This guest post is from Data61’s Advanced Data Analytics in Transport (ADAIT) team.

 


 

Transport is a trending topic, with Lyft and Uber looking to file for ‘initial public offerings’ (IPOs) shortly and companies putting out new products every other day to address various problems in transport – and it is about to get even hotter. CSIRO’s Data61 has been working with the New South Wales government for some time, using AI and sophisticated simulation modelling techniques to reduce congestion and help better manage responses to incidents which affect network flow.

Dr. David Harris, Research Director and Dr. Chen Cai, Research Group Leader, were recently invited to address the Standing Committee on Infrastructure and Cities, discussing the future of mobility from perspectives of alternative energy and AI in congestion management, providing insights into Australia’s future, as well as emerging trends in these areas around the world.

One of the topics Dr. Cai discussed was the ongoing joint program of work between Data61 and Transport for NSW, in which the Advanced Data Analytics in Transport (ADAIT) team is developing an innovative AI engine as part of the Intelligent Congestion Management Program (ICMP) initiated by the NSW government. Along this journey, the team has had to build up an ever-increasing set of capabilities and pool of knowledge, to allow them to deliver a unified predictive analytics and decision support platform.

This is the scenario we set out as a target: predict for 30 minutes and act in five minutes

Dr Chen Cai

One of the important problems to solve has been travel speed prediction.

Traditionally tackled by controllers using individual data sources, such as CCTV cameras and road sensor data, fed into regression or time-series forecasting models. These techniques fail to leverage the large volume and rich variety of transport data that can be analysed using modern data, engineering, and machine learning techniques.

By ingesting and fusing together large amounts of disparate data, the ADAIT team has been able to apply cutting-edge deep learning to achieve rapid, high-performance speed predictions for the road network, under normal operating conditions.

15 minute speed prediction on Victoria Road

15 minute speed prediction on Victoria Road

Often, the most interesting conditions to study are when the road network is not operating under normal conditions.

If there is a special event, road works or a traffic incident. Traditionally AI models struggle with infrequent non-recurrent events such as these, due to a lack of training data. The ADAIT team has developed multiple approaches for producing quality predictions under those conditions, including integrating traditional traffic simulation to analyse critical non-recurrent events. The simulation can run multiple scenarios, utilising preconfigured response plans, and compare the outcomes for travellers.

Incident detection and impact analysis framework.

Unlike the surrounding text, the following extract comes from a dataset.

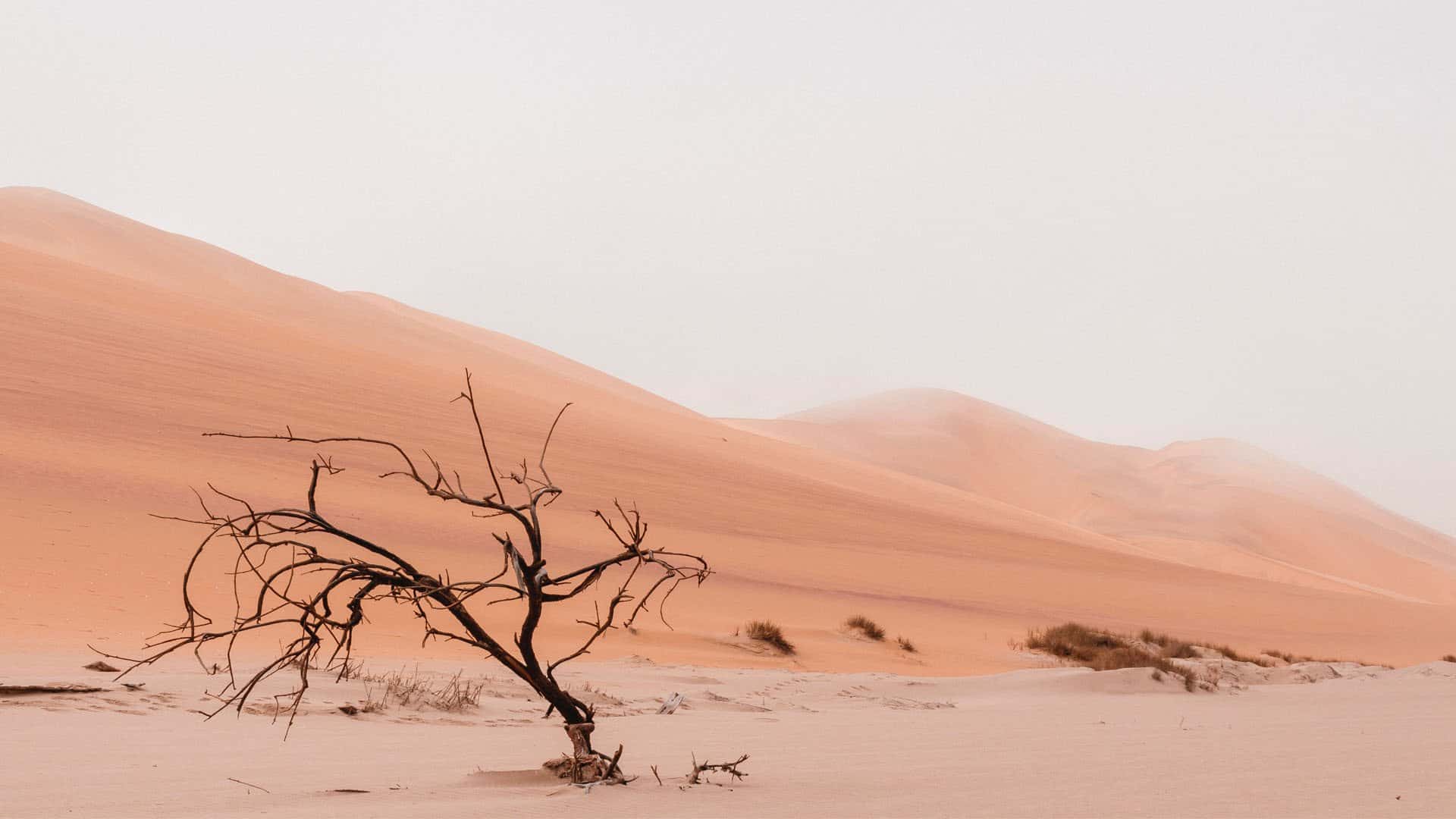 Image of a desert.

Incident detection and impact analysis framework.

Traffic simulations are time-consuming to calibrate and execute, and hence should not be the only tool for dealing with non-recurrent events. One of the ADAIT team’s recent research focus has been to create more effective machine learning models for data-driven approaches.

The team has investigated different configurations of machine learning models, such as including higher order features and hidden nodes, which may provide a better representation of the data, and allow distinct non-recurrent events to be abstracted for use in more generic situations.

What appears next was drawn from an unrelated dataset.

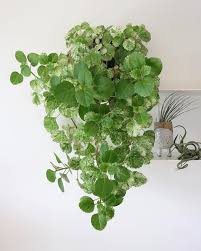 Swedish Ivy Hanging Plants Safe House Plants Plants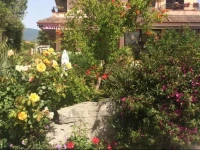 La Rosa di Paestum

This should increase the accuracy of the machine learning models and provide better data-driven traffic network predictions, under more diverse operating conditions.

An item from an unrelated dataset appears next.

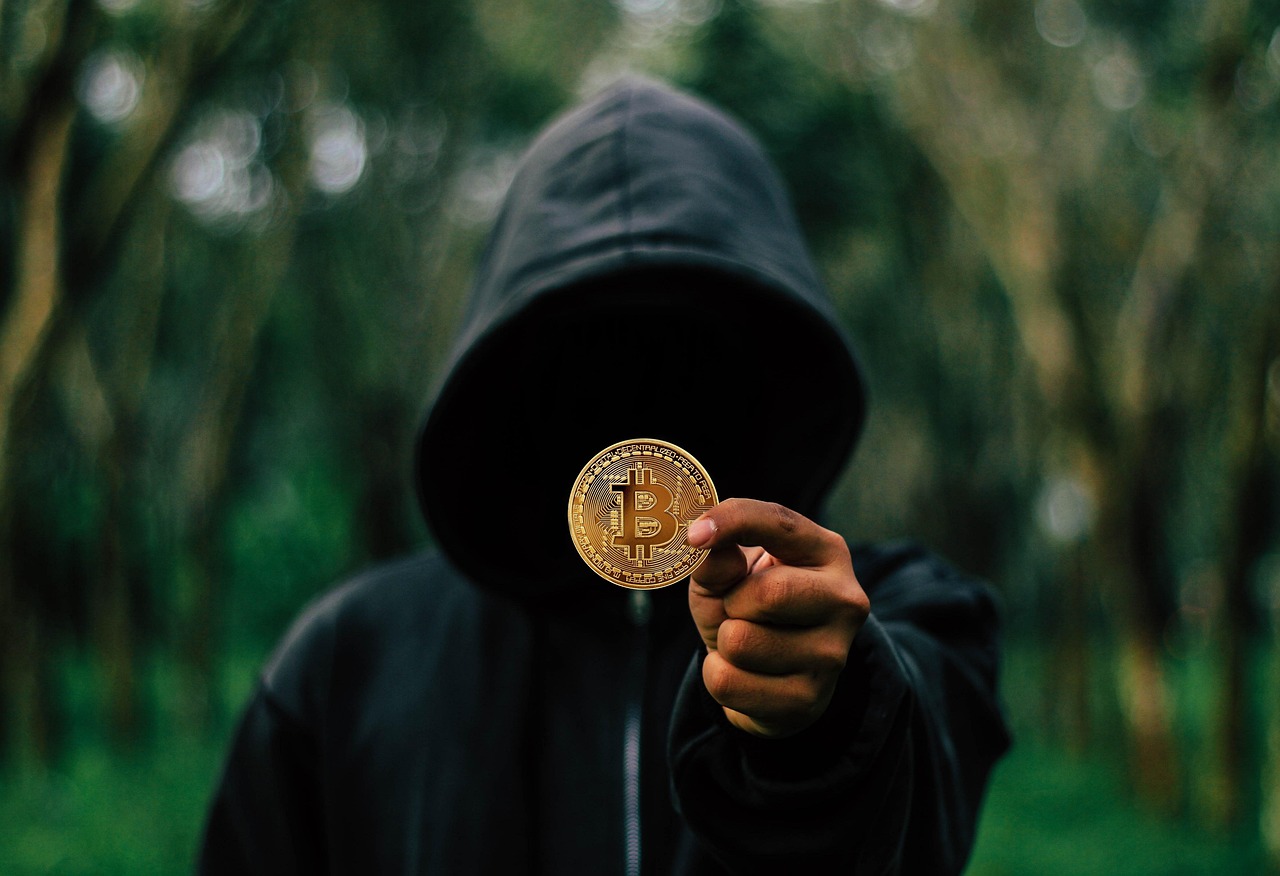 Free Bitcoin Coin photo and picture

“We are in an unprecedented era and we have a lot more detail than before”

Dr Chen Cai

Data engineering is another significant part of the ADAIT team’s focus. They are partnering with leading data providers, to leverage a large number of disparate data sources, and are currently processing many millions of records each day. They use a microservices architecture, with Apache Kafka at its core, as the base platform for all of their data science and predictive analytics applications.

By having a strong cross-functional group of researchers, data scientists and engineers, the ADAIT team have been able to make inroads into furthering cutting-edge research in the AI and Transport space, while also being able to immediately reap the rewards, through practical application of their work to numerous industrial transportation projects.